Ciò che dunque risulta maggiormente importante non è tanto il formato, quanto piuttosto il coinvolgimento da parte dei caregiver in grado di condividere un momento semplice, rispetto al quale guidare l’apprendimento del piccolo. Se da un lato quindi leggere riflette un momento condiviso di vero e proprio apprendimento, dall’altro creare “un’impalcatura attorno alla storia che si legge insieme” riflette uno spazio condiviso attorno al quale inserire nuove conoscenze e nondimeno nuove modalità di autoregolazione quali canali grazie ai quali prendere contatto con le stesse emozioni. A differenza del formato cartaceo, per libri digitali si intendono libri o app in grado di replicare i materiali scritti e grafici di un libro stampato, ai quali però si accede attraverso un dispositivo elettronico (Baron, 2022). Al contempo un libro digitale potenziato “incorpora una o più funzionalità aggiuntive che possono rendere la lettura digitale diversa da quella su carta. Proprio per la presenza di suoni, animazioni, aree interattive e giochi. Quest’ultima tipologia infatti sulla base di uno studio condotto sembra confermare come la memorizzazione e dunque l’apprendimento aumentino proprio nel momento in cui il testo viene letto da un genitore. Quest’ultimo infatti non solo ricopre un ruolo fondamentale, bensì rappresenta quel canale attraverso cui filtrano tutte quelle informazioni inerenti il suo background esperienziale e che attraverso la lettura possono tradursi in una modalità grazie alla il bambino sarà o meno capace di farsi guidare da quelle parole che prenderanno la forma di nuove emozioni.

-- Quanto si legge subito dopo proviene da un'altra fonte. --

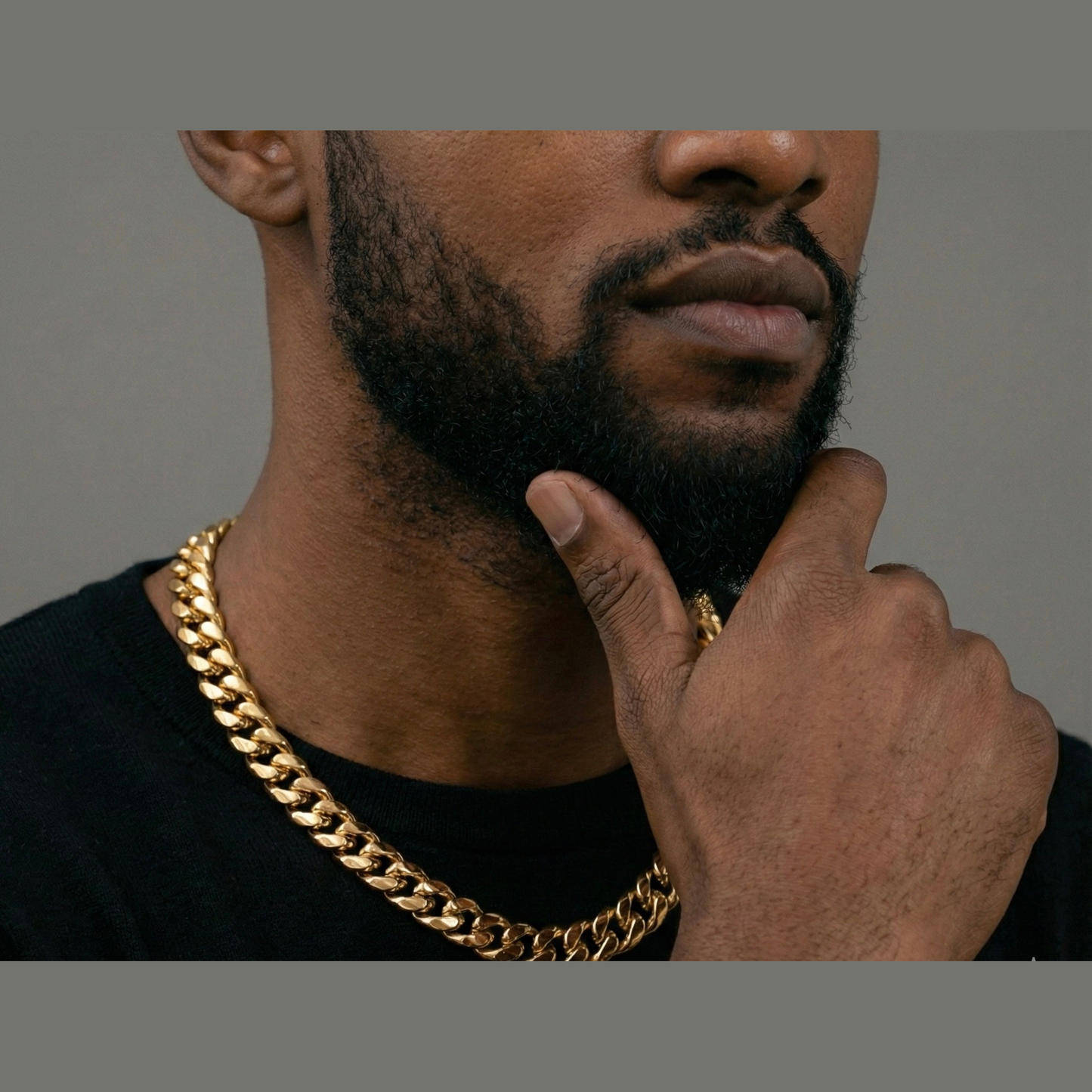 Miami Cuban link chain on-model detail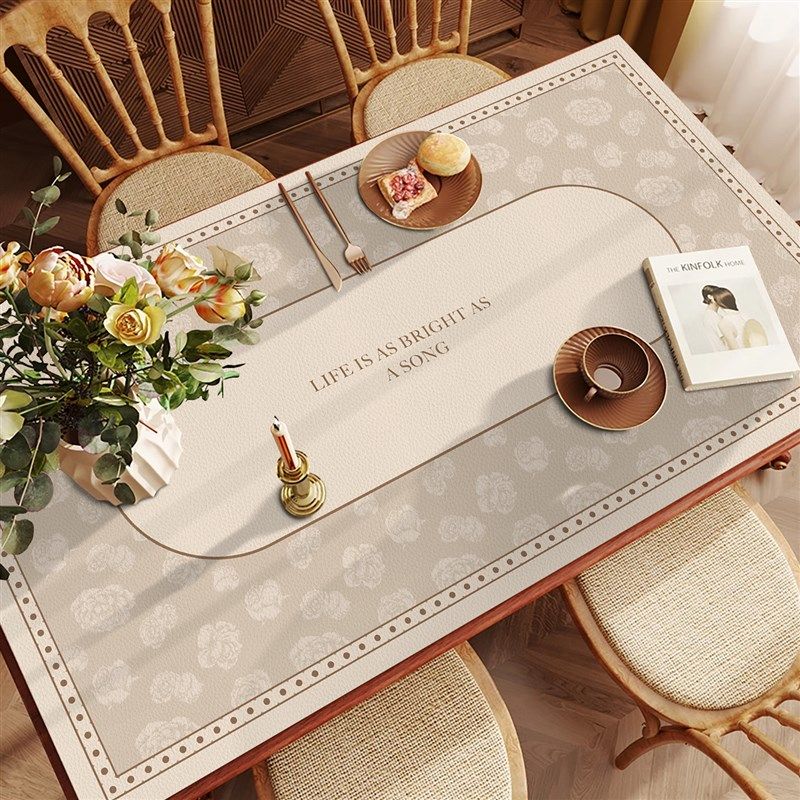 法式轻奢风高级感客厅餐桌桌垫防水防油防烫免洗茶几桌布定制尺寸,居家布艺,桌布,淘宝优惠券,粉丝福利购,淘宝优惠卷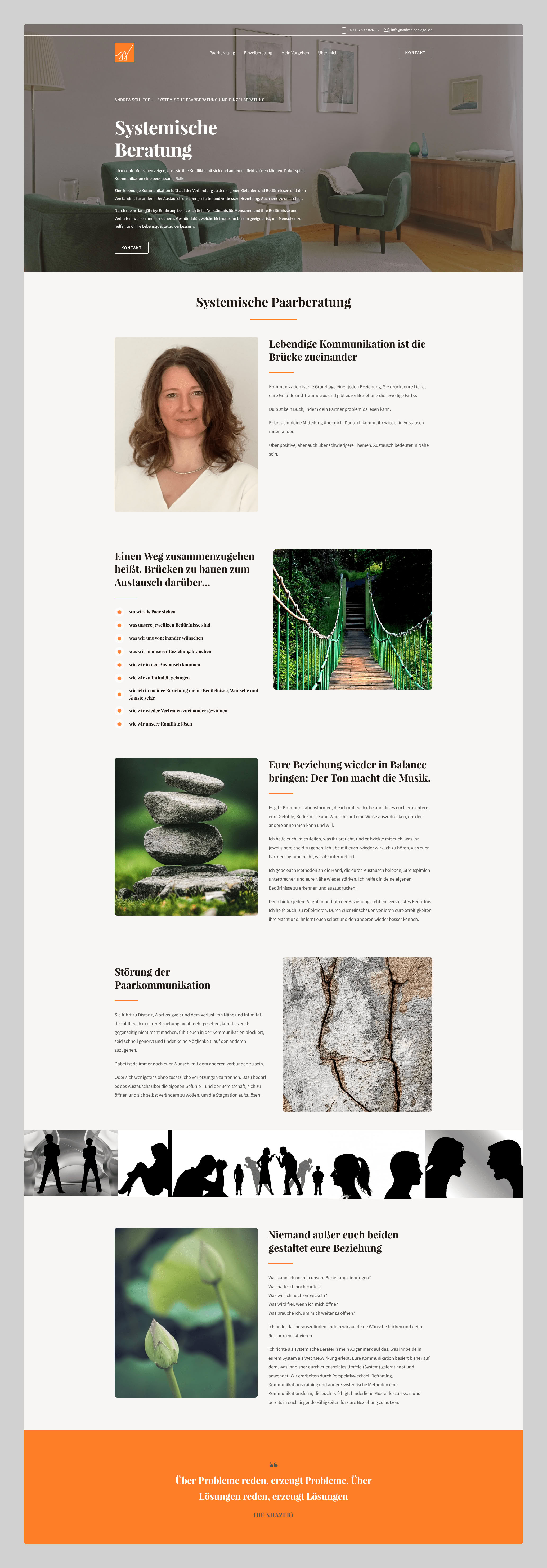 Izrada WordPress OnePage web stranice za konzultanticu – Andrea Schlegel (Njemačka)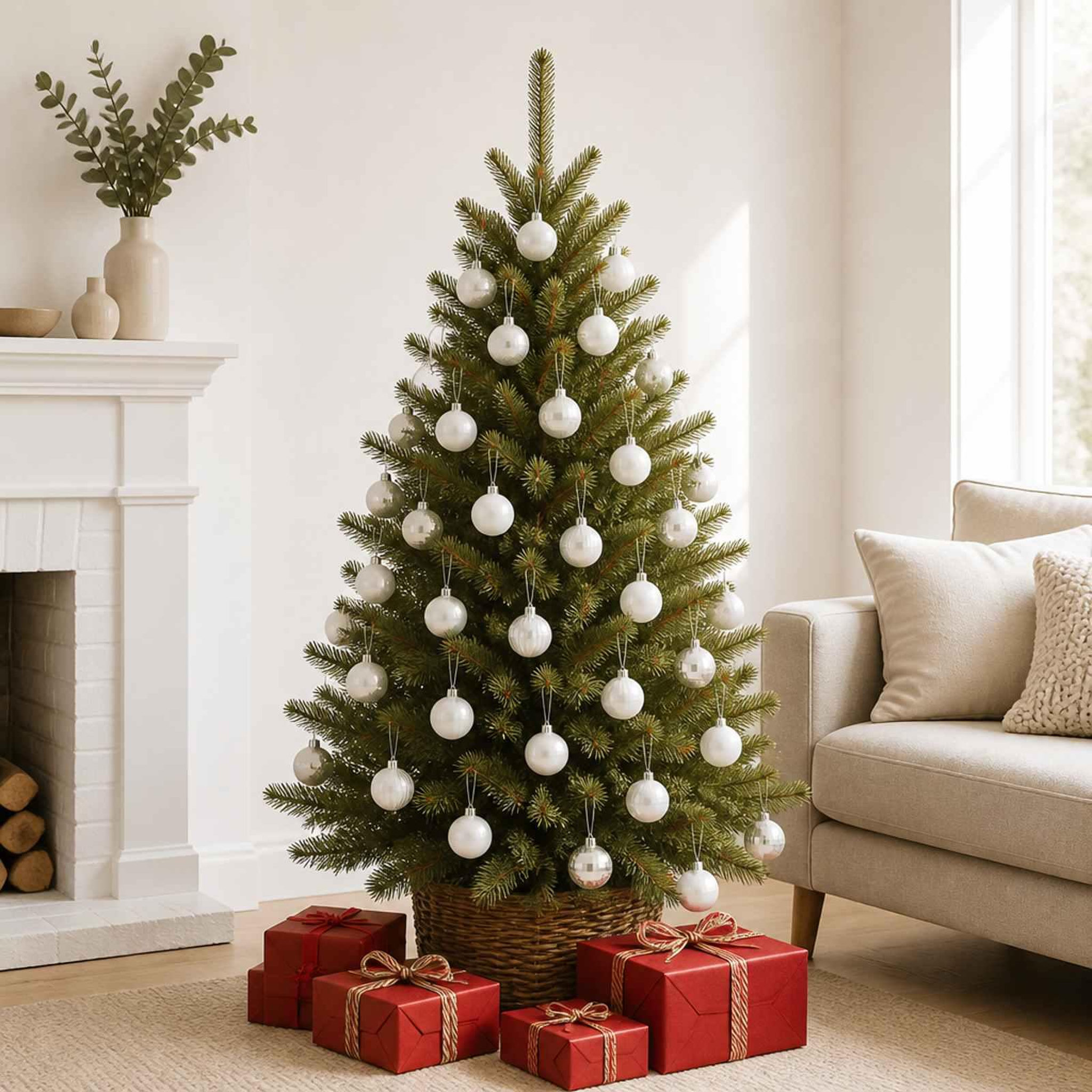 Voir la diapositive 2 : VIDAXL Ensemble de boules de Noël 150 pc Blanc Diam. 3 cm Polystyrene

La neurobiologia dell’apprendimento a partire dalle prime fasi di vita

Grazie al contributo di Stanislas (2009) imparare a leggere consiste nel mettere in connessione due sistemi cerebrali presenti nel bambino: quello visivo relativo al riconoscimento delle forme e le aree del linguaggio. Nondimeno attraverso la tappa pittorica, fonologica e ortografica si delineano sempre più il valore e l’importanza della relazione diadica tra il caregiver e il bambino, in quanto come accennato in precedenza è proprio nella qualità della relazione che si instaura un buon imprinting sia per una fioritura sinaptica sia l’instaurarsi di cablaggio neuronale in grado di sincronizzare gli emisferi destri di chi legge e di chi ascolta (Stanislas, 2009). Grazie al modello del riciclaggio neuronale è possibile focalizzare l’attenzione su quella finestra temporale dai 0 ai 5 anni di vita, rispetto alla quale secondo l’autore il cervello del bambino sembrerebbe contenere già quelle strutture neuronali adibite alla lettura, e che tuttavia non aspettano altro se non di essere coltivate e scoperte in compagnia di chi sceglie di condividere un nuovo spazio dai benefici incredibili!

Pertanto coltivare quest’attività in compagnia dei propri figli non farebbe altro che apportare benefici in grado di propagarsi a livello emotivo, psicofisico e neurobiologico.